TASK:
From the listing below, reproduce exactly the lines starting with the one with "Modern orthodontic clinic" and going on through the one with "Bollywood Inspired Soft", both ends kept. No picture is copied.

DATA:
=== Section Start ===
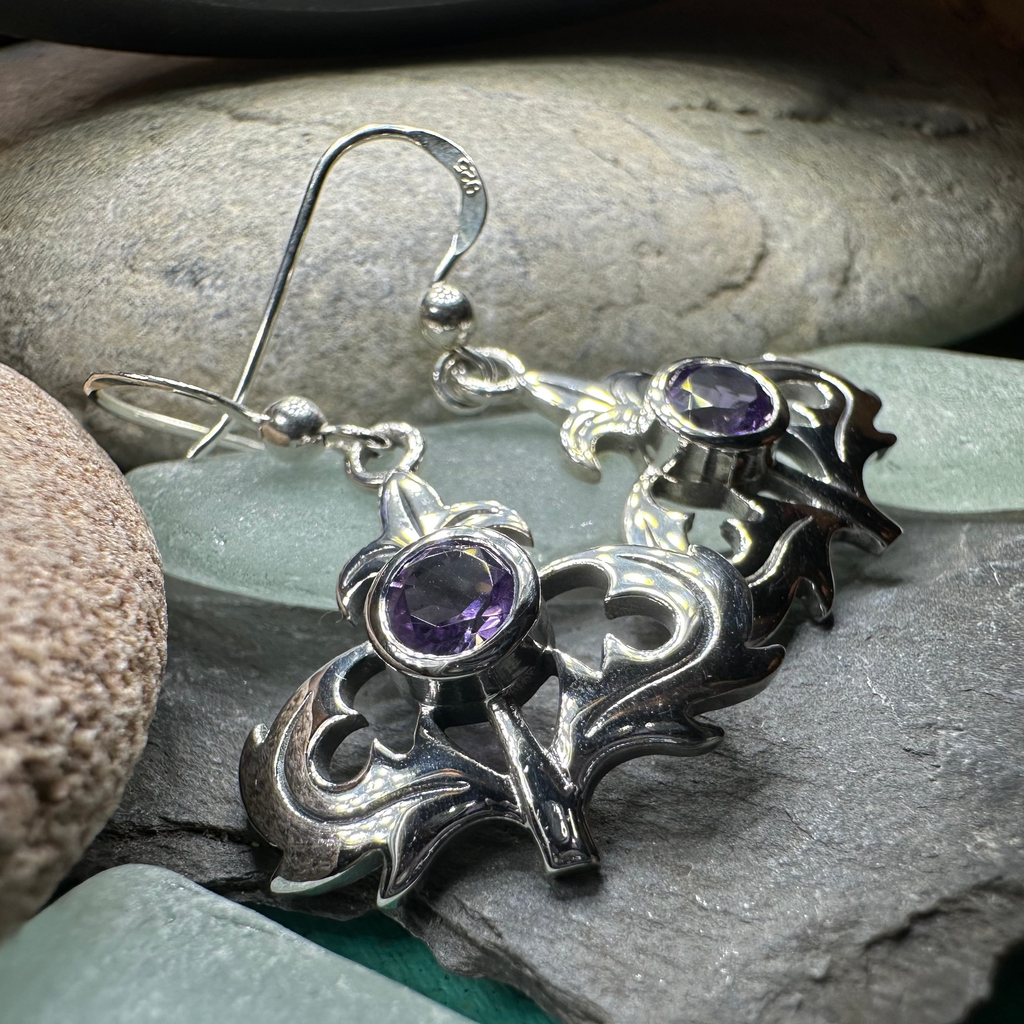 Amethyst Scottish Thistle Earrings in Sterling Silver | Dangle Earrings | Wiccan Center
=== Section End ===
=== Section Start ===
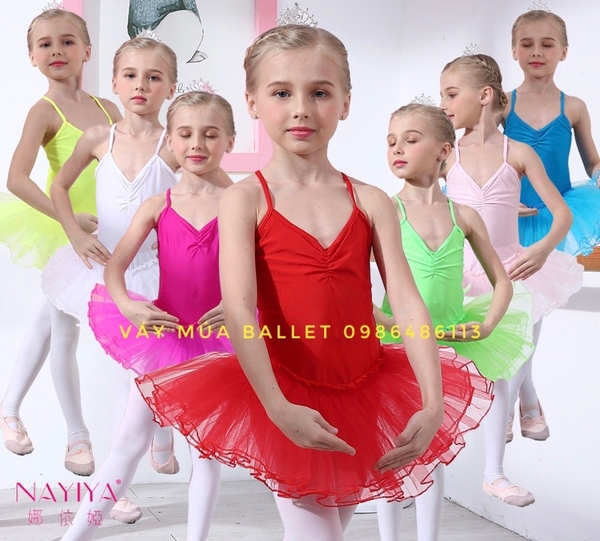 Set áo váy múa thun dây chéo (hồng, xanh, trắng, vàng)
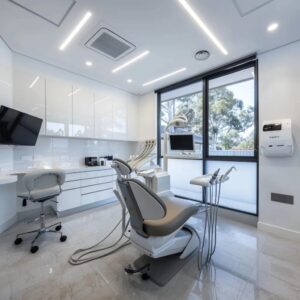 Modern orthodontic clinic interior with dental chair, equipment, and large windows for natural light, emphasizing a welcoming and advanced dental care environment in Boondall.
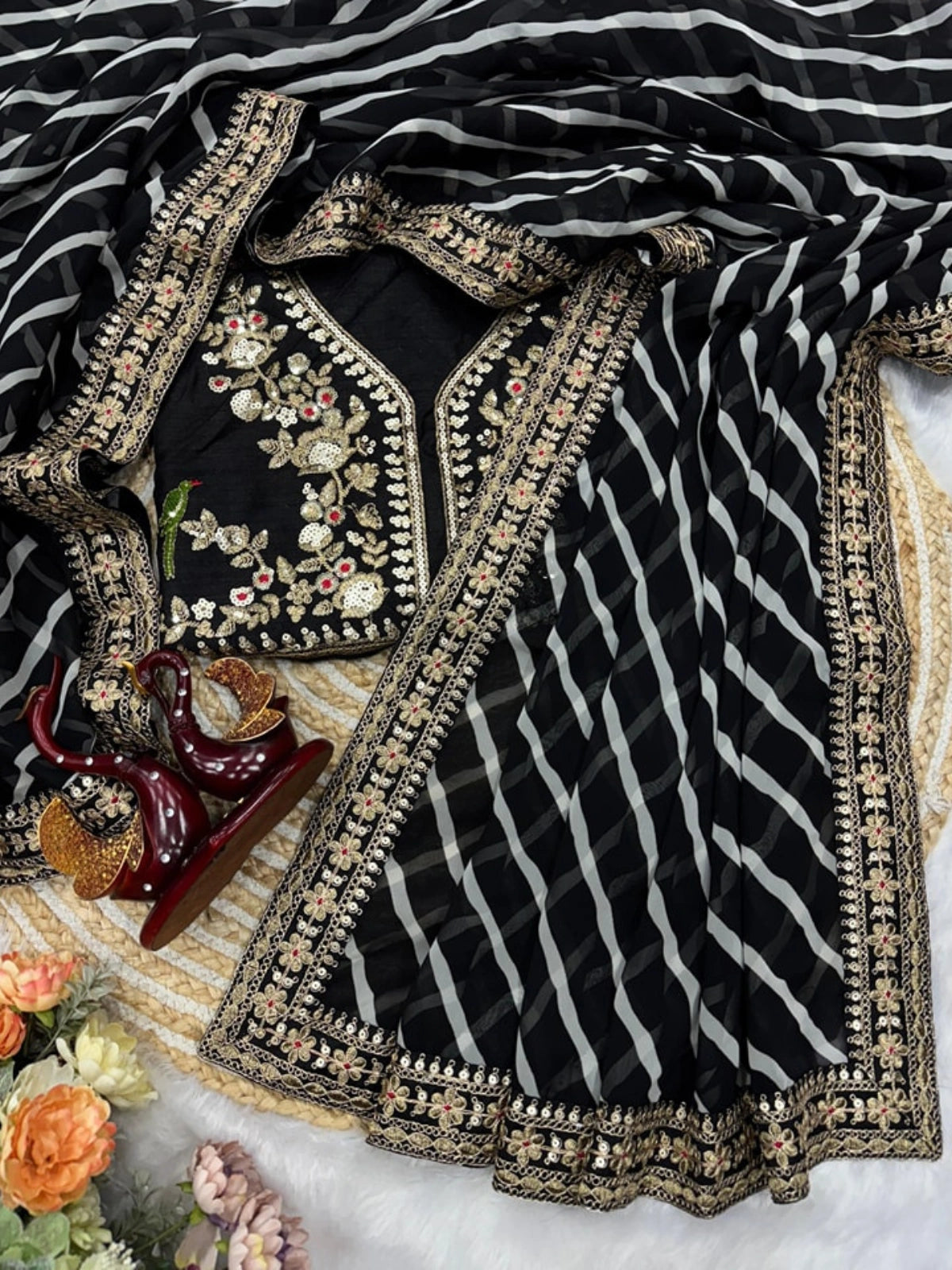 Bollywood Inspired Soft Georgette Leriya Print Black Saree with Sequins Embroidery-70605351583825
=== Section End ===
=== Section Start ===
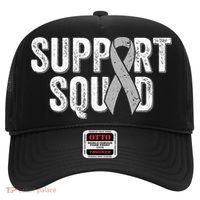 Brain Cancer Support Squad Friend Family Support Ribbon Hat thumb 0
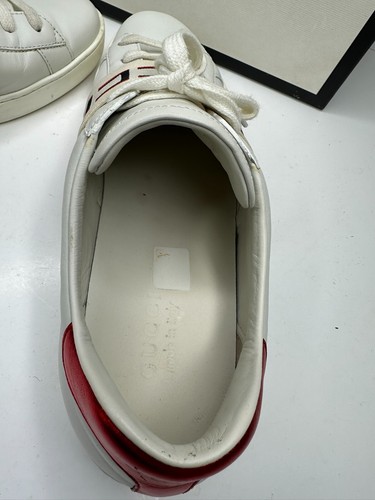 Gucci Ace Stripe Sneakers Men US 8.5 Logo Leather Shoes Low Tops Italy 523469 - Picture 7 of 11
=== Section End ===
REPLY TO THE TASK:
 Modern orthodontic clinic interior with dental chair, equipment, and large windows for natural light, emphasizing a welcoming and advanced dental care environment in Boondall.
 Bollywood Inspired Soft Georgette Leriya Print Black Saree with Sequins Embroidery-70605351583825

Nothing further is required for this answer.